══ Data for review ══
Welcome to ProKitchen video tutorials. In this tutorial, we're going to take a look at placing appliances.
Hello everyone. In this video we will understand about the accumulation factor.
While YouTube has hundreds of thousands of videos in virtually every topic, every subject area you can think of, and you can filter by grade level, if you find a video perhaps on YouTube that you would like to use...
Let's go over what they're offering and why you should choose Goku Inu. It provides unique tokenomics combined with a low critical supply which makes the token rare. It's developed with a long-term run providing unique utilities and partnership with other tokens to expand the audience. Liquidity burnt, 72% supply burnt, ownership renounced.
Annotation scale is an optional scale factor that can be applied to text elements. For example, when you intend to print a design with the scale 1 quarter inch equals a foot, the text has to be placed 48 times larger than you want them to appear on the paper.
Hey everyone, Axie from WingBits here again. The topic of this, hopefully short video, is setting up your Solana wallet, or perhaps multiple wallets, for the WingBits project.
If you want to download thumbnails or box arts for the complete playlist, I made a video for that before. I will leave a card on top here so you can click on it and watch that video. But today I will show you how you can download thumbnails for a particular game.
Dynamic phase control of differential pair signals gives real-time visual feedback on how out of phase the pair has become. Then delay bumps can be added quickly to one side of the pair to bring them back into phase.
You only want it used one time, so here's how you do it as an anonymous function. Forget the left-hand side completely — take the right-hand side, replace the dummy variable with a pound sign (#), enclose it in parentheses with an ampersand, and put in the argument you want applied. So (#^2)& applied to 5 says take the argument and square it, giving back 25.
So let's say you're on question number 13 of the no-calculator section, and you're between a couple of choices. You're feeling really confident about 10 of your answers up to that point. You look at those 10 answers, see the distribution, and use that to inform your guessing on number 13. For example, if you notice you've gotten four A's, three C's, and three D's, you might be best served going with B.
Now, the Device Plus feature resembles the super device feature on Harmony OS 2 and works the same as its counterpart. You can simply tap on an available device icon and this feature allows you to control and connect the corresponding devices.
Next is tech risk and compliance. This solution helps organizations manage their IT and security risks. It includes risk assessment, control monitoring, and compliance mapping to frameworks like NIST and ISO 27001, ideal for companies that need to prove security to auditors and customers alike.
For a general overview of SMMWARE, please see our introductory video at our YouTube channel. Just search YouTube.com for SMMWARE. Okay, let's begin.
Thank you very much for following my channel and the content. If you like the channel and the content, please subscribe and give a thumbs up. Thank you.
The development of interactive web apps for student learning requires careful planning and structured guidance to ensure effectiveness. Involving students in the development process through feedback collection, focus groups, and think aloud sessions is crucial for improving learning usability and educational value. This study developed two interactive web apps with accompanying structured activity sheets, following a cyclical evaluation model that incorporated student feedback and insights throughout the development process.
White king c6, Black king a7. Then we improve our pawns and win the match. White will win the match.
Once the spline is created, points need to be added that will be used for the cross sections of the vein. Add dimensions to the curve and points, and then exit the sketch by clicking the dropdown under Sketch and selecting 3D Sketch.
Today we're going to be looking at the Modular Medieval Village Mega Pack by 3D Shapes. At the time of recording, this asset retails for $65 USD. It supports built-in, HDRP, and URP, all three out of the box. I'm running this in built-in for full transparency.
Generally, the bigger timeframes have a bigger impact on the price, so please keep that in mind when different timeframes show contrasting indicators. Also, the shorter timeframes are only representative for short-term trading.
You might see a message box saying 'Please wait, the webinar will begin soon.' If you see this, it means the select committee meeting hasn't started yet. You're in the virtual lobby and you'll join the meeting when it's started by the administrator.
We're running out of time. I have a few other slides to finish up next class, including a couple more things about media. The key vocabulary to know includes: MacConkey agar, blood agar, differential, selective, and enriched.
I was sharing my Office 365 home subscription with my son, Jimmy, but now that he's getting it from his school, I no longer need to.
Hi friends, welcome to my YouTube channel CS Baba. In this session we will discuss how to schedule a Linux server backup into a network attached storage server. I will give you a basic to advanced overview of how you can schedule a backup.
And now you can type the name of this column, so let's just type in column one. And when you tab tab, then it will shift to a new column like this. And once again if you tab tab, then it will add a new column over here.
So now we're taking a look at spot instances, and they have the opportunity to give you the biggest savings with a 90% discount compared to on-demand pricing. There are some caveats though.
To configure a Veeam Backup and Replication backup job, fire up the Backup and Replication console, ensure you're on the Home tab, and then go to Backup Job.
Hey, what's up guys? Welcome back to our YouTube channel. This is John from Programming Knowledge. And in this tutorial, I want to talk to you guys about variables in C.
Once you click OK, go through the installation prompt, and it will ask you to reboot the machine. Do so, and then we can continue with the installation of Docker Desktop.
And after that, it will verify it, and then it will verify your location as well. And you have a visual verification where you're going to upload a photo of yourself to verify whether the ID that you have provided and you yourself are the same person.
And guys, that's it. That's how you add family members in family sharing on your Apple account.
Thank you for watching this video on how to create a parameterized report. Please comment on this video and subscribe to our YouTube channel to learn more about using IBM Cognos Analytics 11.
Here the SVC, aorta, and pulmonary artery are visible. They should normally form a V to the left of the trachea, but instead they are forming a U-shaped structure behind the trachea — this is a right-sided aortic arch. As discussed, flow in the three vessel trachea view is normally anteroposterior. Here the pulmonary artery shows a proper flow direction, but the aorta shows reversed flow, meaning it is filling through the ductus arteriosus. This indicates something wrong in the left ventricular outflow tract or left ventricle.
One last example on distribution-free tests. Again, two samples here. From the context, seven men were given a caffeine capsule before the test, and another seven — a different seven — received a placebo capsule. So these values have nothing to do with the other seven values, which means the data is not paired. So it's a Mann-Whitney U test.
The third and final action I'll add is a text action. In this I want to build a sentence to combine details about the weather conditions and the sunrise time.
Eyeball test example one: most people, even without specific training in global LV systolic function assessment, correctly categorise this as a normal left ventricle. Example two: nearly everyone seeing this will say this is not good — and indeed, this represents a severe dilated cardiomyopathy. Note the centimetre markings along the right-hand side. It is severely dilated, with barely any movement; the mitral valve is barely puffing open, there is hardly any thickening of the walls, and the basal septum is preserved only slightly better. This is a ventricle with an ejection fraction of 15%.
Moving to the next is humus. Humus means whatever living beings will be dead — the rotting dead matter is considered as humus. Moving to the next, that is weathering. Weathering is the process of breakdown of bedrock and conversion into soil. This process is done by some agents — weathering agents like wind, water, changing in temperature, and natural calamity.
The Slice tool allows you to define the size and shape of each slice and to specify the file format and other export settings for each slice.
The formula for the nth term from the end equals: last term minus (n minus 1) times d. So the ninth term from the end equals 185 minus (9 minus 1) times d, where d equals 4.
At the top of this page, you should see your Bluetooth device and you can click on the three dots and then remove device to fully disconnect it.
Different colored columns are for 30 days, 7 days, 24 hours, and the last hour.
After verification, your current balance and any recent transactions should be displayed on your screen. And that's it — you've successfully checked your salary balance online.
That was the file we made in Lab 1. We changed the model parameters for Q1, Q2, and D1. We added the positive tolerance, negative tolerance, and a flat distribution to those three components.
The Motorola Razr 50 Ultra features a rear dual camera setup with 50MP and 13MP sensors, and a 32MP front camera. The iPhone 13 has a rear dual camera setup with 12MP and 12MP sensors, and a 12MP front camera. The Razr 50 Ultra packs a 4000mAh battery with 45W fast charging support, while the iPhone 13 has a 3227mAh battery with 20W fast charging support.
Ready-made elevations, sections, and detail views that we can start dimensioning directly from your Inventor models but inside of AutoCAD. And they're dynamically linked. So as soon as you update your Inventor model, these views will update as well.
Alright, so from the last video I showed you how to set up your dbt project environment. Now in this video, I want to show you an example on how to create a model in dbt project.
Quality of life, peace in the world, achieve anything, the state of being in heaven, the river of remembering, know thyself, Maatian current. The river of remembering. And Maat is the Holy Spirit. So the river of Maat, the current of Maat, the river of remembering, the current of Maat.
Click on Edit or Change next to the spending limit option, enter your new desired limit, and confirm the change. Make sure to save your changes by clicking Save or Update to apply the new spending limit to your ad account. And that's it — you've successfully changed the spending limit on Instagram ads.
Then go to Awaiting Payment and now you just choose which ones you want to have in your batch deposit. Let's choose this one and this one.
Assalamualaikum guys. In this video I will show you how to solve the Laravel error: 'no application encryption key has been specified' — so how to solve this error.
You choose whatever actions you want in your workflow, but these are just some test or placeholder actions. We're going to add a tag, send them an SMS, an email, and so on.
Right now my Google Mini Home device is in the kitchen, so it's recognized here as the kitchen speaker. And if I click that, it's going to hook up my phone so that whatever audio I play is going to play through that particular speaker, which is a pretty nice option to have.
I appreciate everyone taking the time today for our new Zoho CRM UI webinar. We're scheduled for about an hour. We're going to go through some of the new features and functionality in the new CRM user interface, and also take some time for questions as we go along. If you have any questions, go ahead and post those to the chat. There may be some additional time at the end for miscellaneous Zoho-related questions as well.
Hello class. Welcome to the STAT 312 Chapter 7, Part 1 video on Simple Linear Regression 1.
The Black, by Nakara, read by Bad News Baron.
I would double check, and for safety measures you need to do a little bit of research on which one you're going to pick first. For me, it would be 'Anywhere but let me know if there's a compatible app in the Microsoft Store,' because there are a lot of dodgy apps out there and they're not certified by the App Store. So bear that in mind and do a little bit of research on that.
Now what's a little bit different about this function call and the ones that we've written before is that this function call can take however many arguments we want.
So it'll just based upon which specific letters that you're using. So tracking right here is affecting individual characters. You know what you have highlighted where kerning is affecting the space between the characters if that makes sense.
═══
### Task to carry out
Whenever the word "topic" shows up in a line above, copy that line.

### Result of this exercise
While YouTube has hundreds of thousands of videos in virtually every topic, every subject area you can think of, and you can filter by grade level, if you find a video perhaps on YouTube that you would like to use...
Hey everyone, Axie from WingBits here again. The topic of this, hopefully short video, is setting up your Solana wallet, or perhaps multiple wallets, for the WingBits project.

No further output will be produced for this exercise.